→ **DIRECTIONS FOR THIS TASK**
Look in the material below for the line with "Clutch bag Gucci" and the line with "Gold hoop earrings", then set down exactly those two lines and all lines between, nothing more.

═══ INPUT RECORDS

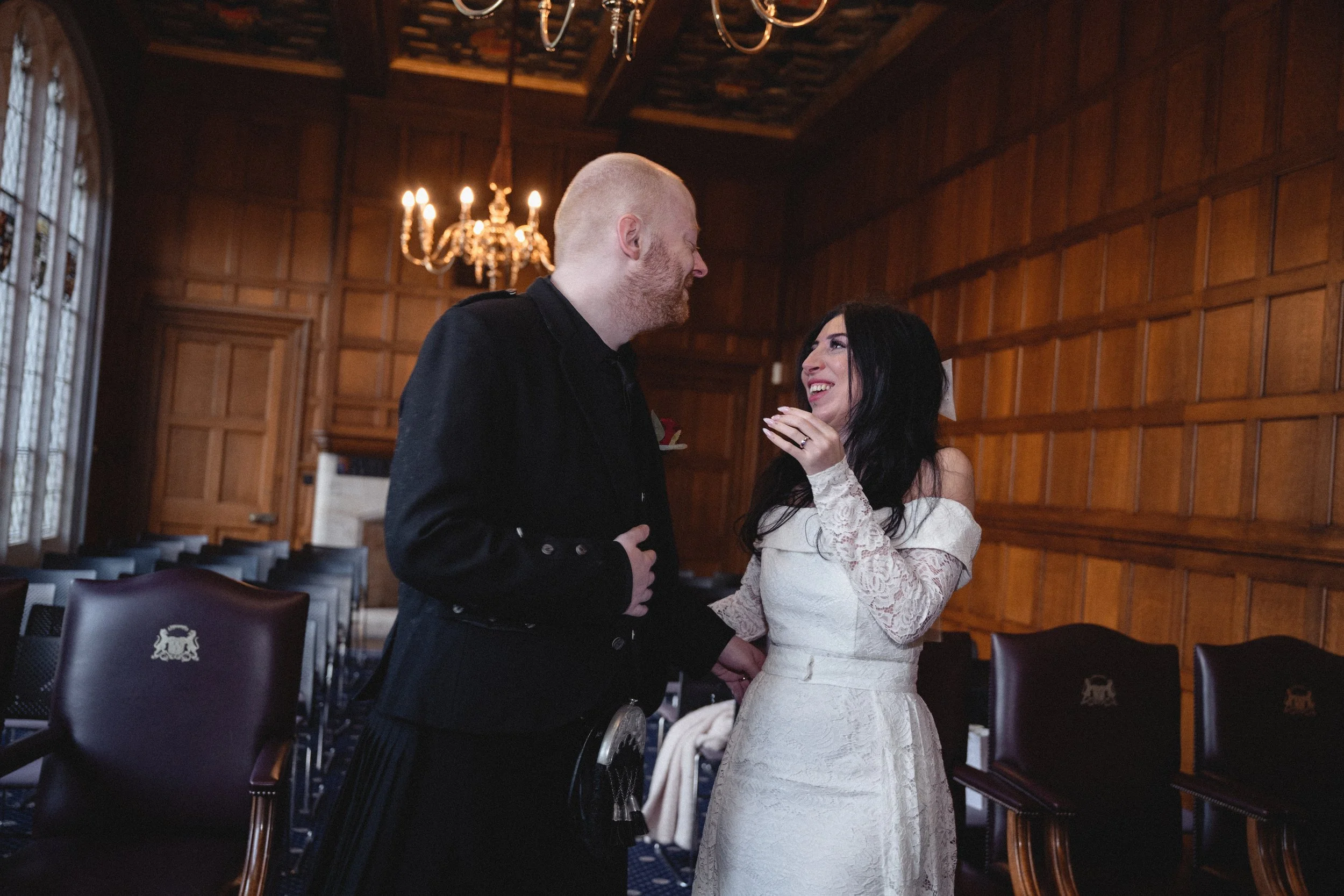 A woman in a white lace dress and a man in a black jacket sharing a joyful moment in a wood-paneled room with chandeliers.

══════
═══ INPUT RECORDS

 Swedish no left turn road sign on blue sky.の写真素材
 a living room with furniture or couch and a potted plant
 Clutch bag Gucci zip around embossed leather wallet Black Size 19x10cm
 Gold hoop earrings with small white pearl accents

══════

→ **ANSWER FOR THE TASK**
 Clutch bag Gucci zip around embossed leather wallet Black Size 19x10cm
 Gold hoop earrings with small white pearl accents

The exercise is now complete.